The excitement of 2015 has long since dissipated. A collapse in the price of oil, Nigeria’s main export, dragged the country into a recession in 2016 from which it is gradually emerging. The 75-year-old Mr Buhari spent much of 2017 in London being treated for an undisclosed illness. (Some felt the economy was better-run in his absence.) Corruption is less flagrant than it was under his predecessor, Goodluck Jonathan, who fired the central bank’s governor in 2014 for pointing out that $20bn of oil revenue had gone missing. But Nigerians still see too much of it in their daily lives to believe that things have changed.
Mr Buhari’s approval ratings have languished below 50% for most of 2018. Ominously, he has been hit by a wave of defections to the PDP. Desertions to the APC four years ago, by many of the same people, felled Mr Jonathan. Mr Buhari’s electoral opponent in 2019, Atiku Abubakar, is one such double-turncoat. He is also a septuagenarian, billionaire businessman, former vice-president, and three-time presidential aspirant.

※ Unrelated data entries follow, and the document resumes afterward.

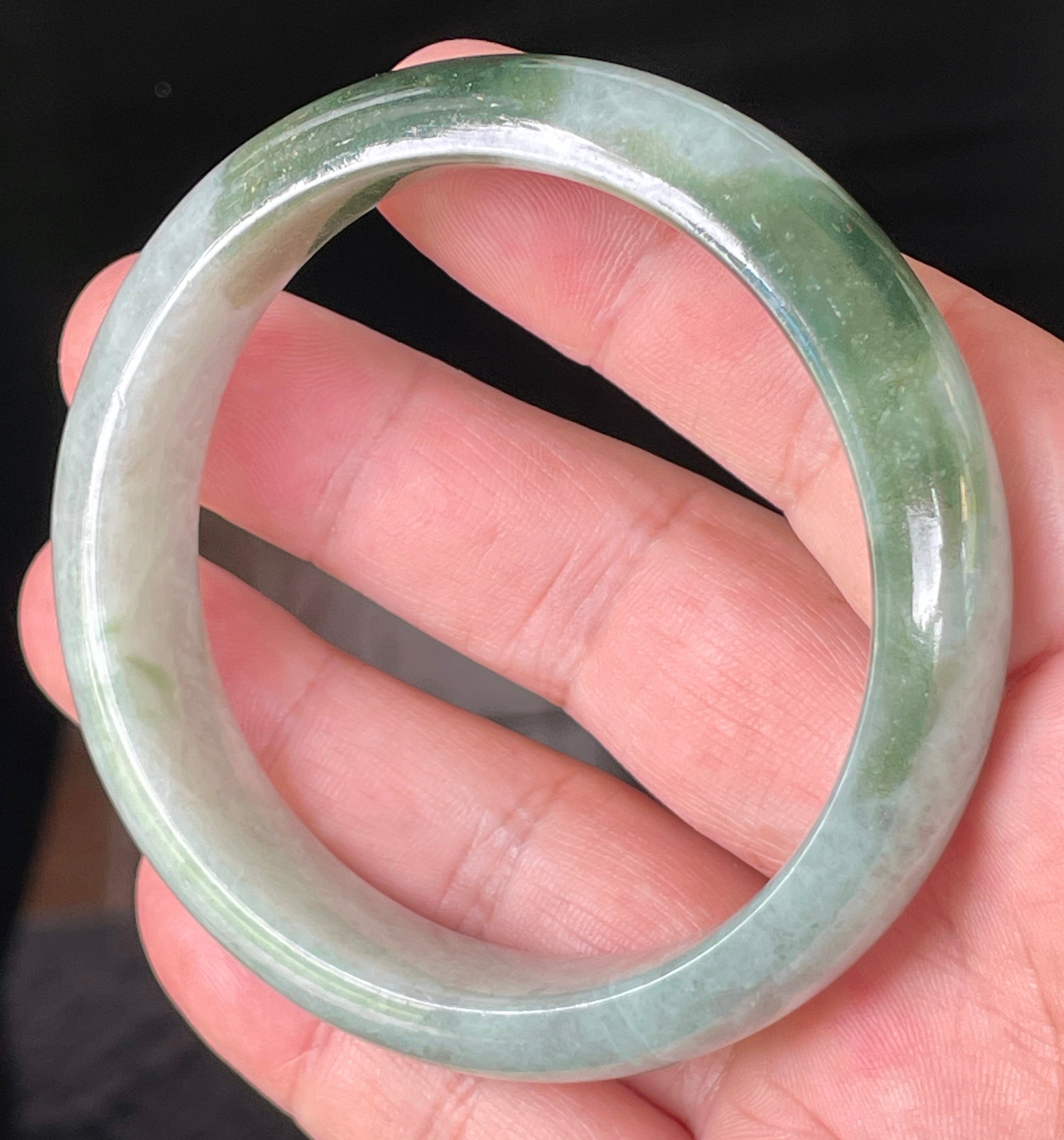 Natural Grade A Certified Burmese Jadeite Jade Bangle – Icy Greyish Milky White with Apple Green Hues – 58.5mm – JB039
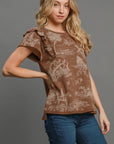 Umgee Ruffled Landscape Print Short Sleeve French Terry Top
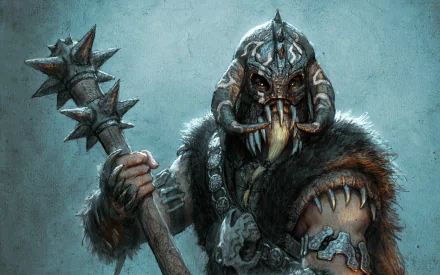 HD desktop wallpaper featuring a fierce warrior from the Age of Conan video game, clad in fur and armor, wielding a spiked mace against a cold, misty background.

With Mr Abubakar distrusted for his wealth and opportunism, the election will be close. Its outcome will hinge on who arouses less apathy.

So who will win? Many Nigerians do not care. The back-and-forth floor-crossing has convinced them that the same people will be in charge either way. The PDP holds a slight edge, if only because expectations for Mr Buhari were higher and his failure to meet them was more recent. But with successive governments having failed to make Nigeria less oil-reliant, says Ayo Teriba, an economist, the country’s economic health in 2019 will depend not on who rules it, but on the price of crude.

Relative calm and democracy at the federal level will obscure the small fires burning in some of Nigeria’s 36 states. The war against Boko Haram in the north-east is stalling; the jihadists roam the countryside unimpeded. Bandits prowl the oil-rich Niger Delta. Fighting is escalating between farmers and herders across the country’s middle belt. Things will not fall apart in the year ahead, but Nigerian voters have little reason to believe they will improve.